Dinsdag na 1ste zondag in de Vasten

VASTENBOEKJE: Beschouwingen op de H. Mis van iedere dag in de vasten

Uitgave: Liturgisch Volksapostolaat Sint Pietersabdij Steenbrugge

Nihil obstat: Brugis, 8 Martii 1939 C. Vincken, S. J. Libr. cens.

IMPRIMATUR: Brugis, 8 Martii 1939 Jos. VAN DER MEERSCH, Vic. gen

Dinsdag na 1ste zondag in de Vasten

Thema: De misliturgie is erop gericht, om mij een hoge godsgedachte en een levendig godsverlangen in te prenten, met één woord, om mij diep godsdienstig te maken.

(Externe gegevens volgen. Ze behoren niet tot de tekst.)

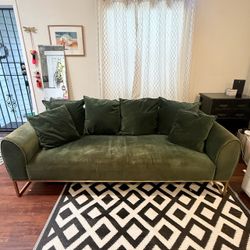Green Velvet Sofa with Gold Metal Base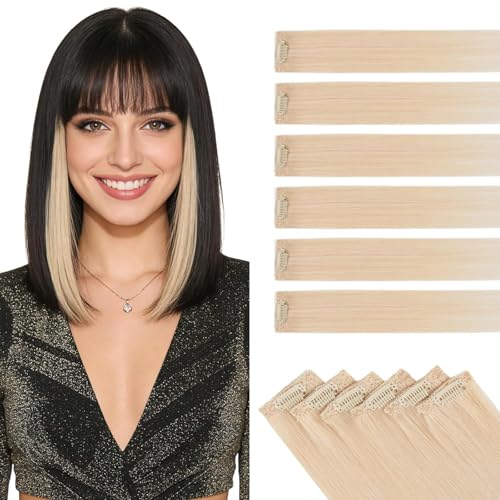 S-noilite Extensions à Clip en Cheveux Humains, 6Pcs 6 Clips 100% Vrais Extensions de Cheveux Clipser, 31g Extension de Cheveux à Mèche Unique à Clips pour...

I. Gedachten ter overweging.

Mijn broeder, zeg nu eens diep-ernstig tot uzelf: ter gelegen­heid van deze vasten moet ik aan mijn leven opnieuw zijn juiste richting geven, ik moet het terugvoeren op het rechte spoor, dat naar mijn eindbestemming loopt. Mijn leven hier op aarde is een God-zoeken; de mens is een God-zoeker.

Mijn leven hiernamaals is een God-vinden, een God-bezitten in eeuwige verzadigdheid van al mijn verlangens. Misschien heb ik mijn leven op een ander doel gericht: op goud-zoeken, of genot-zoeken, of eer-zoeken. Zo ja, dan ben ik op een verkeerd spoor verdwaald; ik moet terug tot aan de wissel, om op­nieuw op 't juiste spoor te komen: dat is “mij bekeren.” En daarna in volle vaart naar God, steunend op Gods almachtige bijstand: dat is leven volgens de kristelijke hoop.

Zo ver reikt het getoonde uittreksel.